OBJECTIVE: We evaluated peripartum tenofovir (TFV) exposure via hair measures among women living with HIV in the United States. DESIGN: Observational cohort study. METHODS: Hair samples were collected at or shortly after childbirth among mothers enrolled in the Surveillance Monitoring for Antiretroviral Therapy Toxicities Study of the Pediatric HIV/AIDS Cohort Study between 6/2014 and 7/2016. Among mothers receiving TFV disoproxil fumarate (TDF)-based regimens during pregnancy, TFV hair concentrations were analyzed using liquid chromatography/tandem mass spectrometry. Weight-normalized TFV concentrations were log10 transformed. Multivariable linear regression assessed correlates of TFV concentrations. RESULTS: Overall, 121 mothers on TDF-based antiretroviral therapy during pregnancy had hair specimens tested for TFV concentrations and were included in the analysis. Median age at delivery was 31 years [interquartile range (IQR) 26-36]; 71% self-identified as non-Hispanic black, and 10% had unsuppressed viral loads in late pregnancy (HIV RNA ≥ 400 copies/ml). Median time from birth to hair collection was 3 days (IQR 1-14) and median TFV hair concentration was 0.02 ng/mg (IQR 0.01-0.04). In multivariable models, an unsuppressed viral load in late pregnancy was associated with 80% lower adjusted mean peripartum TFV concentrations than pregnancies with viral suppression (95% confidence interval: -90% to -59%, P < 0.001). Use of TDF only in the first trimester and attaining high school graduation were also associated with lower TFV hair concentrations. CONCLUSION: Unsuppressed viral load during late pregnancy was strongly associated with lower maternal TFV hair concentrations at birth, though viremia was rare. Efforts to improve maternal virological outcomes and eliminate vertical HIV transmission could incorporate drug exposure monitoring using hair or other metrics.

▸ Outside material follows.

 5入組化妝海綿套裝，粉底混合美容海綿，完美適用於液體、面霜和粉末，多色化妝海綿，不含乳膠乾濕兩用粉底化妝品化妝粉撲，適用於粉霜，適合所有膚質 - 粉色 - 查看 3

Extent of In Utero Transfer of Tenofovir From Mother to Fetus: A Paired Analysis of Hair Specimens Collected at Birth From a Cohort in the United States.

Understanding in utero transfer of antiretrovirals is critical for interpreting safety. Hair levels measure cumulative exposure. We measured tenofovir (TFV) concentrations in hair at delivery among women living with human immunodeficiency virus receiving TFV disoproxil fumarate-based treatment and their infants, using liquid chromatography-tandem mass spectrometry. Among 103 mother-infant pairs, the mean log10 ratio of infant-to-maternal TFV levels was 1.08 (95% confidence interval, .97-1.20). TFV transfer was 60% lower from mothers who had preterm compared with term deliveries and 42% lower from mothers who had cesarean compared with vaginal deliveries. Like prior studies assessing transfer via short-term measures (plasma, cord blood, amniotic fluid), we found high cumulative transfer using hair.